Jean de Poitiers, seigneur de Saint-Vallier, père de la célèbre Diane de Poitiers, ayant été arrêté après la fuite du connétable de Bourbon, dont il était le parent et l’ami, fut condamné à être décapité, en place de Grève, par arrêt du 24 janvier 1524, comme complice de ce prince et criminel de lèse-majesté. Mais il fut préservé du supplice par des lettres de rémission arrivées au moment même où il allait se baisser pour recevoir le coup de la hache du bourreau[1]. Presque tous les historiens rapportent que la terreur qui le frappa, quand on lui lut son arrêt de mort, fit blanchir ses cheveux en quelques heures, et qu’en allant de la prison à l’échafaud, il fut saisi d’une fièvre extraordinaire qu’ils attribuent à la même cause, quoique les actes du procès et le rapport de Braillon, médecin du parlement, prouvent que c’était une fièvre invétérée qui lui avait fait obtenir un sursis, et lui avait épargné les tourments de la question. C’est à cette fièvre, regardée comme l’effet subit de la peur, que fait allusion l’expression proverbiale, employée pour signifier le tremblement qu’éprouve un homme en présence du danger.

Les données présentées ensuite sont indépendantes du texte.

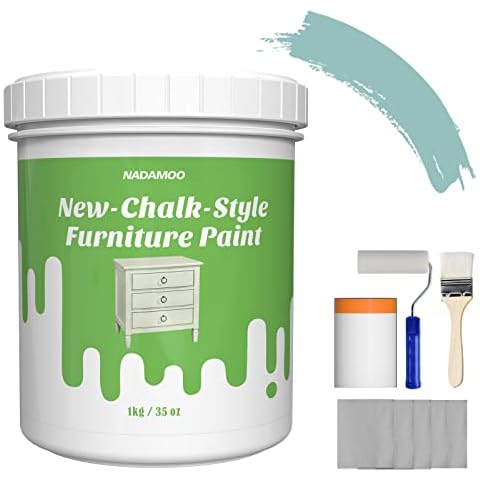 NADAMOO Chalk Paint for Furniture Light Greyed Teal,1kg Cover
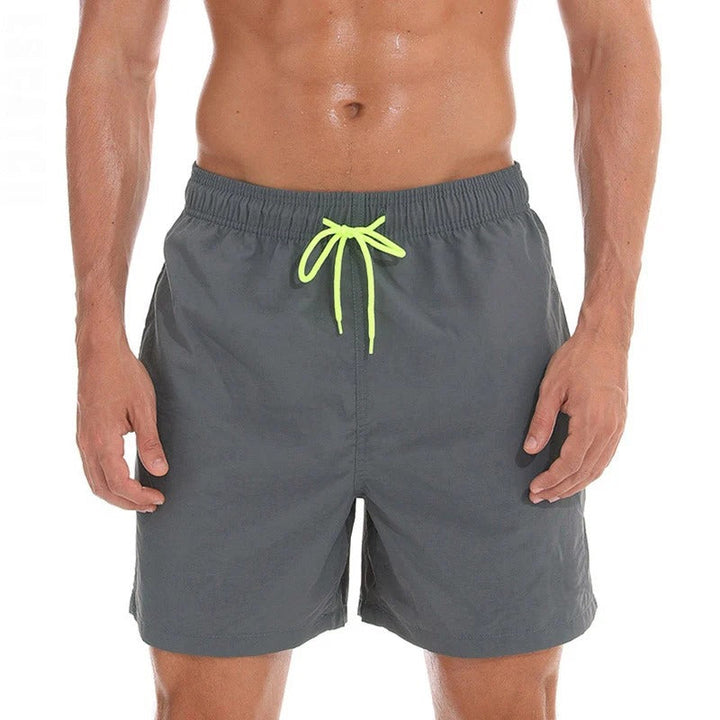 Men's Single-Colored Swim Shorts with Contrast Drawstring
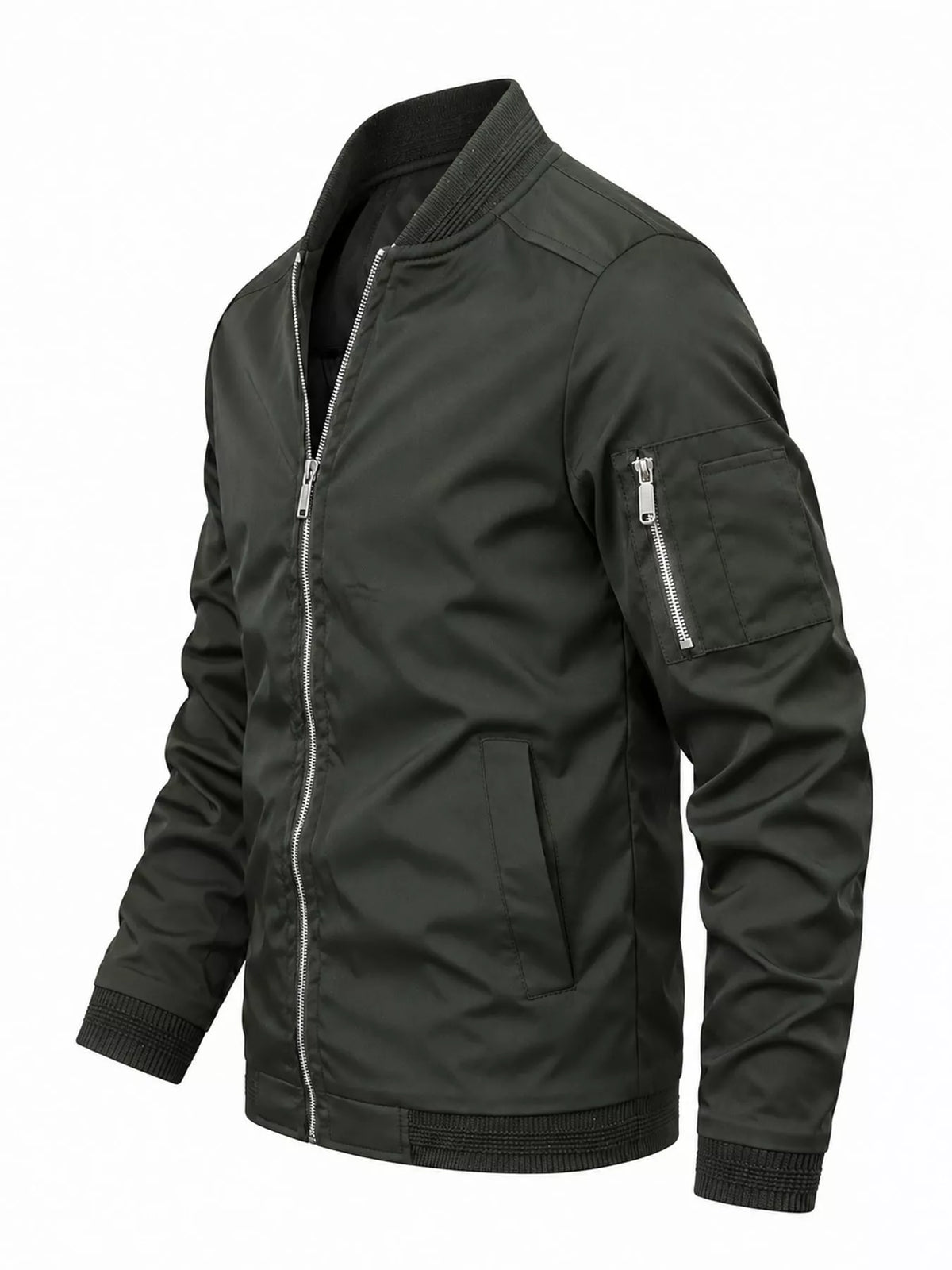 Lightweight men’s bomber jacket in olive green, side view with zip pocket and ribbed hem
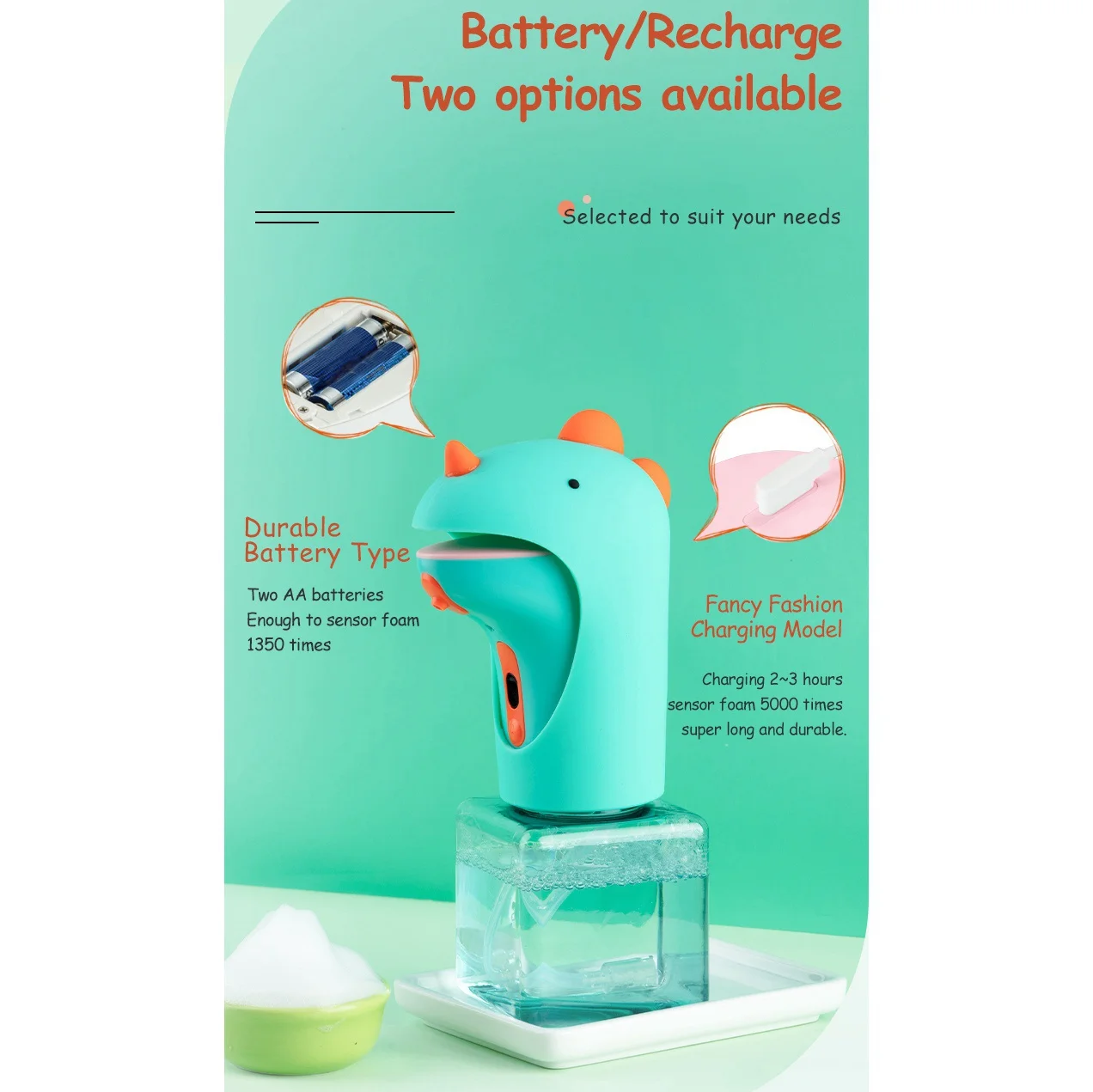 プロモーション！ 自動ソープディスペンサータッチレスハンドソープディスペンサー子供のためのかわいい恐竜泡ディスペンサー浴室のカウンタートップ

On trouve dans les Contes d’Eutrapel : Il en fut quitte pour une once de la peur de Saint-Vallier.

  1. On croit à tort que les lettres de rémission furent obtenues par l’entremise de Diane de Poitiers qui désarma le courroux de François Ier, ému, dit-on, à sa vue, d’un autre sentiment que celui de la pitié. Rien n’est moins prouvé que ce fait qui, s’il était vrai, donnerait quelque fondement à l’opinion de certains auteurs qui veulent que cette dame ait été la maîtresse de ce monarque avant d’être celle de Henri II, d’où vient que Buchanan l’a surnommée Diana venatrix regum. Ce n’est pas à elle que les lettres de rémission furent octroyées, mais à son mari, le comte de Maulevrier-Brézé, grand sénéchal de Normandie, qui avait découvert la conspiration. Elles n’accordaient pas du reste une grâce pure et simple au coupable : elles commuaient sa peine en une détention perpétuelle entre quatre murailles, où il ne devait recevoir le jour et la nourriture que par une petite lucarne. E. Pasquier (Recherches, liv. viii, ch. 39) prétend qu’il mourut de la fièvre quelques jours après la terrible épreuve à laquelle il fut soumis. Cependant le traité de Madrid, conclu en janvier 1526, atteste qu’il existait encore et était prisonnier, à cette époque, puisque sa délivrance est stipulée dans une des clauses de ce traité.